Records provided.
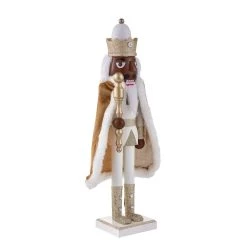 Coupon ⭐ Assorted 16" Tabletop Nutcracker with Cape by Ashland® ❤️ -Ashland Shop 10700930 4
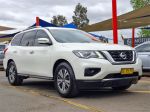 Image for 2018 Nissan Pathfinder Wagon R52 Series II MY17 ST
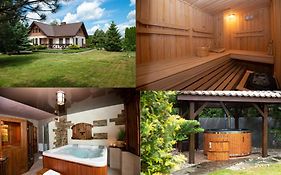 Charming Place - Krakow Gdow Jacuzzi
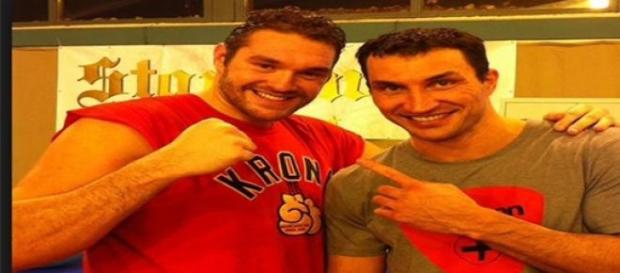 'The man who I'm about to dethrone' - Tyson Fury 'The man who I'm about to dethrone' - Tyson Fury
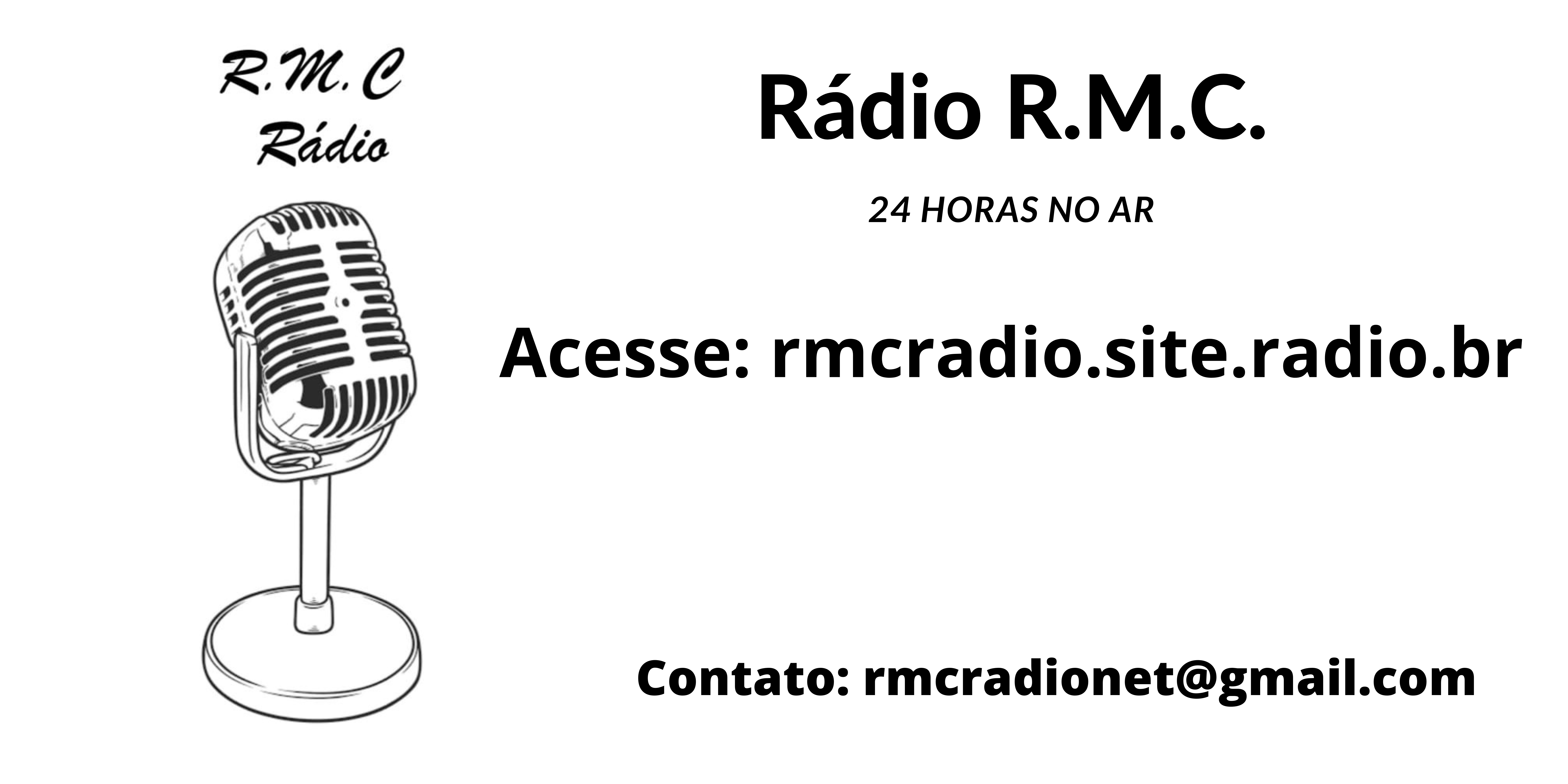 R.M.C Rádio - Musicas 24 horas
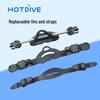 HOTDIVE Dive Fin Adjustable Spring Heel Straps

Task prompt. Set the records down again exactly, and omit any picture in them.

Answer below.
 Coupon ⭐ Assorted 16" Tabletop Nutcracker with Cape by Ashland® ❤️ -Ashland Shop 10700930 4
 Image for 2018 Nissan Pathfinder Wagon R52 Series II MY17 ST
 Charming Place - Krakow Gdow Jacuzzi
 'The man who I'm about to dethrone' - Tyson Fury 'The man who I'm about to dethrone' - Tyson Fury
 R.M.C Rádio - Musicas 24 horas
 HOTDIVE Dive Fin Adjustable Spring Heel Straps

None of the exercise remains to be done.